The hearts and brains of babies born with congenital heart disease are not the only organs affected by this common medical condition. Surprisingly, their kidneys tend to be enlarged at birth, says Gemma Scholes of the University of Melbourne in Australia, who is lead author of a study in the Springer Nature-branded journal Pediatric Research.
The research is the first of its kind to investigate the renal development of newborn babies with congenital heart disease.
Congenital heart disease encompasses a range of heart defects and is the most common medical condition occurring in newborns, affecting around nine in every 1,000 babies born. Congenital heart disease not only causes defects in the heart, but subsequently may also impair the growth of a baby's brain and body in general. This is due to the "brain-sparing phenomenon", in which the body protects the brain at all costs. In fetuses with congenital heart disease, this means that blood flow is prioritized towards the growing brain, having adverse effects on other organs and the general development of the baby.

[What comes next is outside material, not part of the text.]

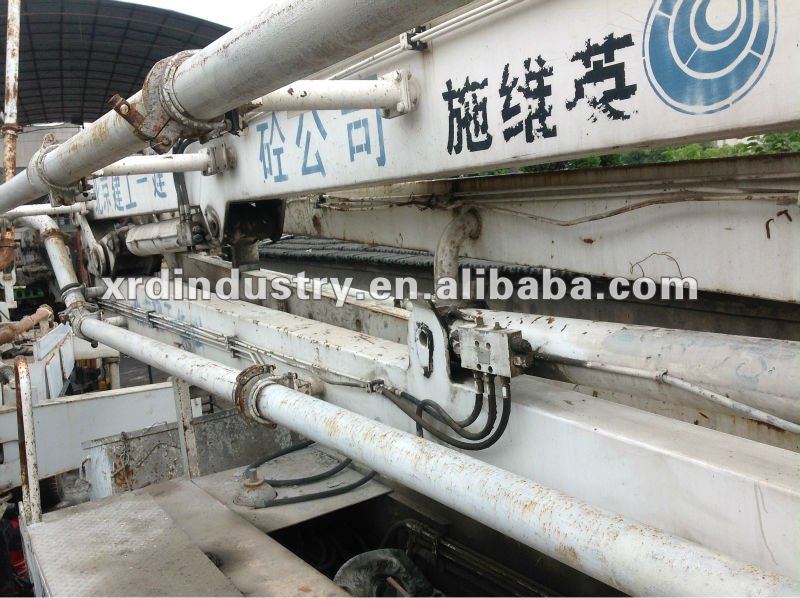 Schwing used concrete pump with truck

Scholes and her colleagues started their study with the hypothesis that fetuses with congenital heart disease will have smaller kidneys. To test this they measured the kidney length of 452 newborn babies by looking at ultrasounds taken before children with congenital heart disease were first operated on.
Surprisingly, the results showed that the kidneys of babies with congenital heart disease are significantly enlarged and were on average 4.5 centimeters long. The kidneys of children who have left heart obstruction were consistently larger than normal. Those with cyanotic heart disease (a range of defects that alter the way in which blood flows through the heart and lungs) tended to have either normal or enlarged kidneys.
"It is still unclear what the nature of this size discrepancy is, or how it will influence the future health of the child," says Scholes, who explains that this study is the first study to provide an indication that renal alterations exist at the time of birth.
Even patients who were born small for their gestation age because of the presence of too little amniotic fluid in the placenta had enlarged kidneys. This contrasts with observations that fetal growth restriction due to placental insufficiency or preeclampsia results in smaller kidneys.
The study further showed that the type of congenital abnormality that a baby is born with influences the subsequent size of its kidneys differently. The kidneys of newborns with cyanotic congenital heart disease tended to be smaller than those with left heart obstruction, but still larger than what is considered normal.